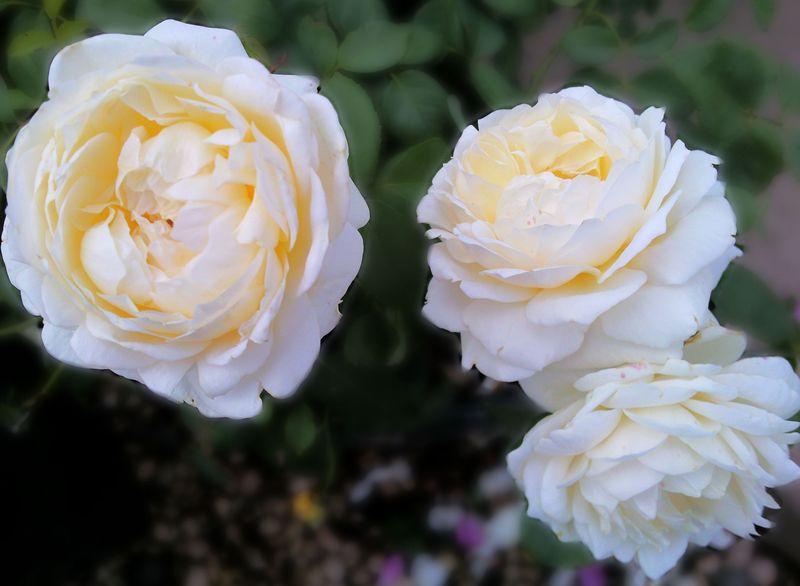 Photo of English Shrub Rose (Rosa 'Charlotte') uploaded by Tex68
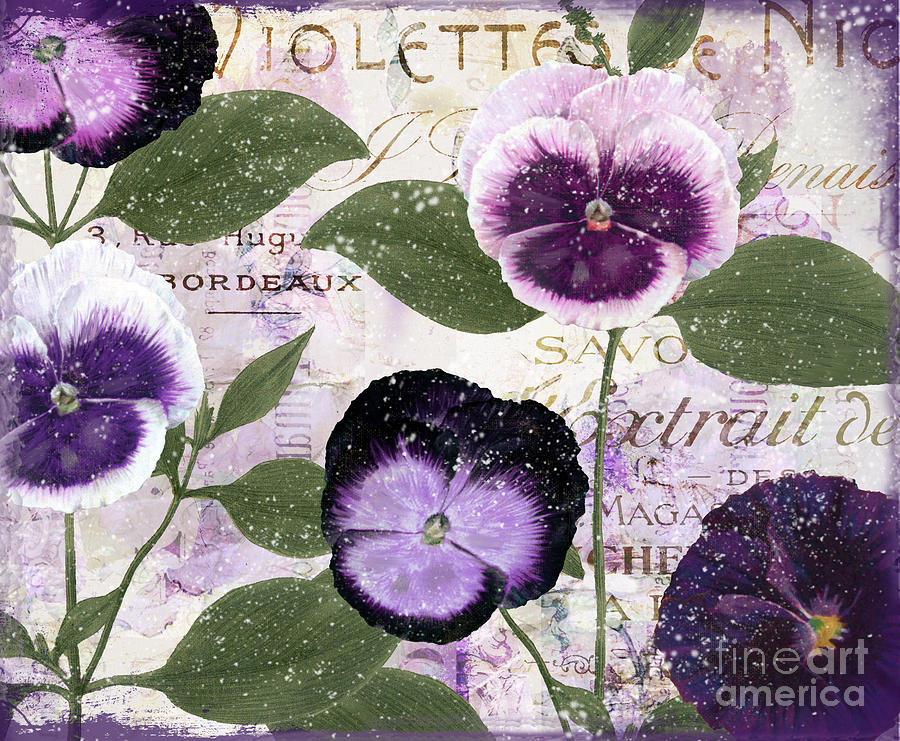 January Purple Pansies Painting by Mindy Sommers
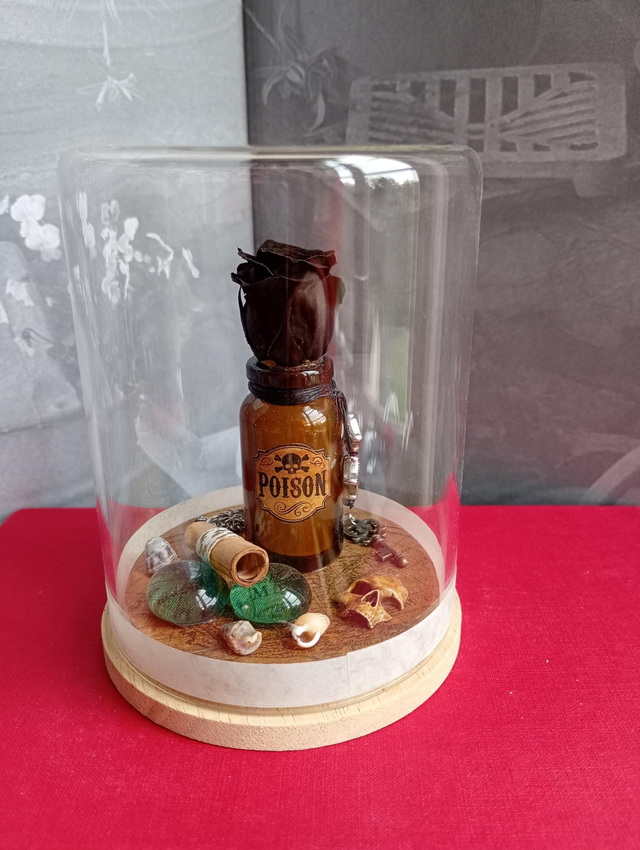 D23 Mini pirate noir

#### ASSIGNED TASK
Repeat the listing above in full, exactly, and omit its pictures.

#### RESPONSE
 Photo of English Shrub Rose (Rosa 'Charlotte') uploaded by Tex68
 January Purple Pansies Painting by Mindy Sommers
 D23 Mini pirate noir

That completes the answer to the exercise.